A dim future for coal export from the Powder River Basin?

It’s been a rocky ride for coal export proposals out of the Pacific Northwest. Back in 2012, there were six coal export projects in Oregon and Washington state. This month, for the first time in six years, there are zero active proposals to export Powder River Basin coal. Here’s a look at what happened.

Coal Export Terminals Proposed, Withdrawn

Three of the six projects folded under the weight of plummeting international coal prices during 2012 and 2013. All six projects had been proposed near the top of the coal price bubble in 2011.

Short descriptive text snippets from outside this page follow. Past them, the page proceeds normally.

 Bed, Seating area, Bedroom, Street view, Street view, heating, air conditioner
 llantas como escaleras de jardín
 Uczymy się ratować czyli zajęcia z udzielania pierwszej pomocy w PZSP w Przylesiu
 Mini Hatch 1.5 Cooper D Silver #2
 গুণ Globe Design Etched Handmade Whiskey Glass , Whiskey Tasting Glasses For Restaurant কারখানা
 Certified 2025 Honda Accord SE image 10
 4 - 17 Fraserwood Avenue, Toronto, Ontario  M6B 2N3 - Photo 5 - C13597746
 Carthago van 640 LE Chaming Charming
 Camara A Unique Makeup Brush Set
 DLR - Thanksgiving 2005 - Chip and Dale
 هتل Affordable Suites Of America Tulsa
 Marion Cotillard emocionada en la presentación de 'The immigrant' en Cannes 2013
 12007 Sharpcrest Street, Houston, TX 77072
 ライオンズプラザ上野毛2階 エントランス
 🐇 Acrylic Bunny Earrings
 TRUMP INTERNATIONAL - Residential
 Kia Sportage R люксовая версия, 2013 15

The three remaining projects were Gateway Pacific near Bellingham, Wash.; Millennium Bulk near Longview, Wash.; and Coyote Island at the Port of Morrow, near Boardman, Ore,

  • The Gateway Pacific Terminal was rejected by the U.S. Army Corps of Engineers last May. The Corps responded to an assertion of treaty rights by the Lummi Nation. The Corps found the project incompatible with the Lummi Nation’s treaty rights to their long-standing coastal fishing areas. Recently, the company behind the Gateway Terminal project withdrew its application for a necessary county-level permit. Although the company continues to push a pier at the same site, the Washington Dept. of Natural Resources has expanded an aquatic reserve there.
  • The Millennium Bulk Terminal project suffered a major blow when the outgoing Commissioner of the Washington State Department of Natural Resources denied a crucial approval for the project. That approval would have allowed the sites lessee to sub-lease the site to the company behind the coal export terminal. The Commissioner’s determination is available here. His letter shows that the terminal company’s shaky finances played a big role in the decision to deny the sub-lease. Millennium lost the backing of Arch Coal, Inc. as a partner in the company during Arch’s bankruptcy. Lighthouse Resources, Inc., owned by Cayman Islands-registered private equity firm Resource Capital Funds, is the remaining partner.
  • The Port of Morrow coal terminal was denied a state-level permit in 2014. Since then, the company has been appealing that decision. Ahead of a day in court last November, the company agreed to drop the appeal. In exchange, the Oregon Department of Lands agreed to withdraw the permit denial. This would allow for a new permit application in the future.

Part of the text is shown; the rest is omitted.